Wim Wenders : Nous avons fait un gros travail sur les couleurs avec Benoît (Debie) mais aussi avec la costumière (Sophie Lefebvre) et les chefs décorateurs (Frédérique Bolté et Jean-Charles Claveau – ndlr). Nous avons réalisé que certains textiles, certaines matières, n’attrapaient pas bien la lumière en 3D.

Une bonne partie de la tonalité du film vient de la peinture d’Andrew Wyeth, que nous avons longuement étudiée avec Benoit, aussi bien pour la représentation spatiale que pour les tons de ses peintures. Au début, on s’est intéressé à la façon de peindre la neige. Peu de peintres savent la peindre. C’est ainsi que nous sommes tombés sur ses œuvres. Nous avions peur de ce que donneraient les scènes en neige en 3D et nous avons beaucoup pu apprendre de lui. Mais aussi pour ses gros plans, ultra-réalistes. Dans les années 40-50, personne ne faisait ça. Cet hyper-réalisme correspondait vraiment avec nos craintes du rendu avec la caméra 3D. Cela nous a beaucoup aidés. 

Benoît, c’était un choix génial. Nous avons travaillé relativement vite. Nous n’avions que 35 jours de tournage, ce qui est peu pour un film en 3D. Nous étions bien préparés. Nous passions nos nuits à préparer le lendemain, il était toujours très disponible. Nous savions toujours assez bien ce que nous allions faire, surtout dans la neige où il n’y a pas de place à l’improvisation. On ne faisait que quatre ou cinq prises par jour dans ce froid…

Ce qui m’a le plus intéressé pour le film, c’est l’acte de pardonner. (…) J’ai été très inspiré par le philosophe Martin Buber.

J’ai lu que le philosophe Bel Abbès vous inspirait énormément pour construire la psychologie de vos personnages. Je me demandais si d’autres penseurs vous avaient influencé pour les écrire car la thématique de la culpabilité (et la façon dont on la surpasse) étant centrale dans le film, cela m’a beaucoup rappelé les travaux de Nietschze ou Paul Ricoeur…  

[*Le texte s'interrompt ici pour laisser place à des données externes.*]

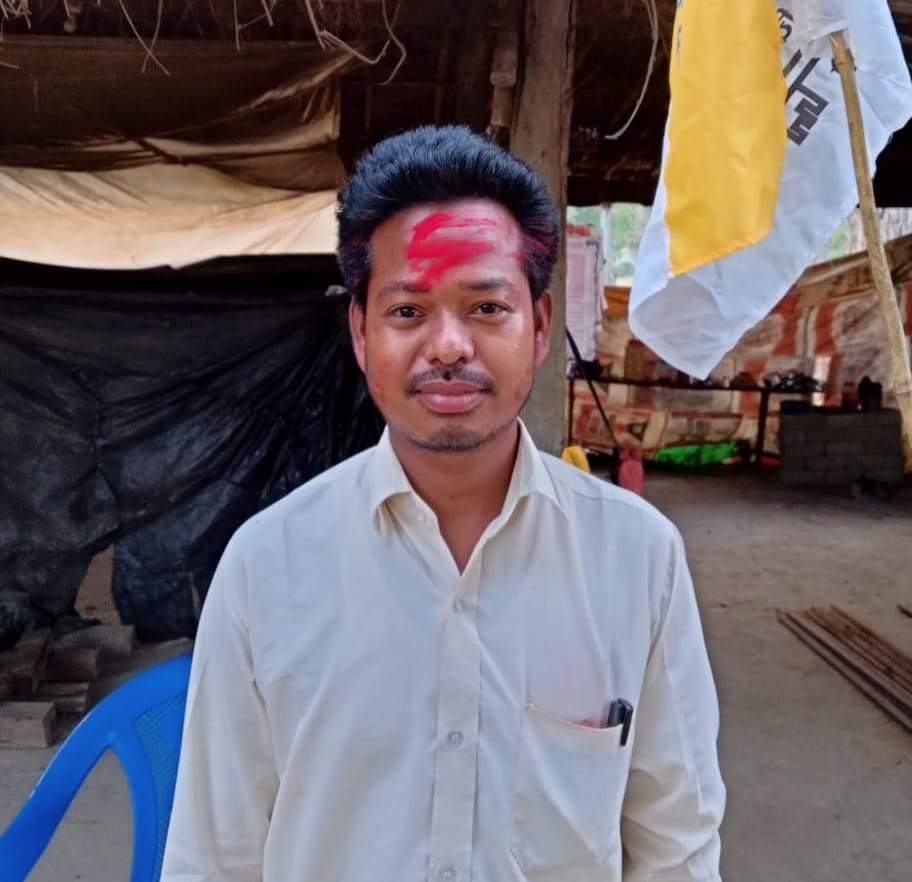 नेपाल परिवार दल कैलारी गाउँपालिका वडा न ६ मा गङगा राम चाैधरीलाई सर्बसहमत बाट वडा अध्यक्षमा चयन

Wim Wenders : La culpabilité est un des sujets du film. Mais ce qui m’a le plus intéressé dans le film, et j’espère que cela se ressent, c’est l’acte de pardonner. Le philosophe qui m’a accompagné sur le film est un philosophe juif qui s’appelle Martin Buber. Son œuvre principale s’intitule « Je et Tu« . Dans celle-ci, il dit que le « moi » existe seulement s’il accepte le « toi ». Pour moi, c’était vraiment important pour le personnage de James (Franco – ndlr) qui vit sans référence aux autres personnes, même dans ses relations avec ses compagnes – surtout avec Sarah au début, où l’on a l’impression qu’il ne la remarque pas. Il est très replié sur lui-même. À la fin, Tomas (le personnage de James Franco) doit s’ouvrir pour accepter le personnage de Christopher. J’espère que cela se traduit dans le film, mais c’est comme si à partir de ce moment là ce jeune garçon pouvait venir chez lui quand il veut. Et la résolution de tout ça est inspiré par Martin Buber.  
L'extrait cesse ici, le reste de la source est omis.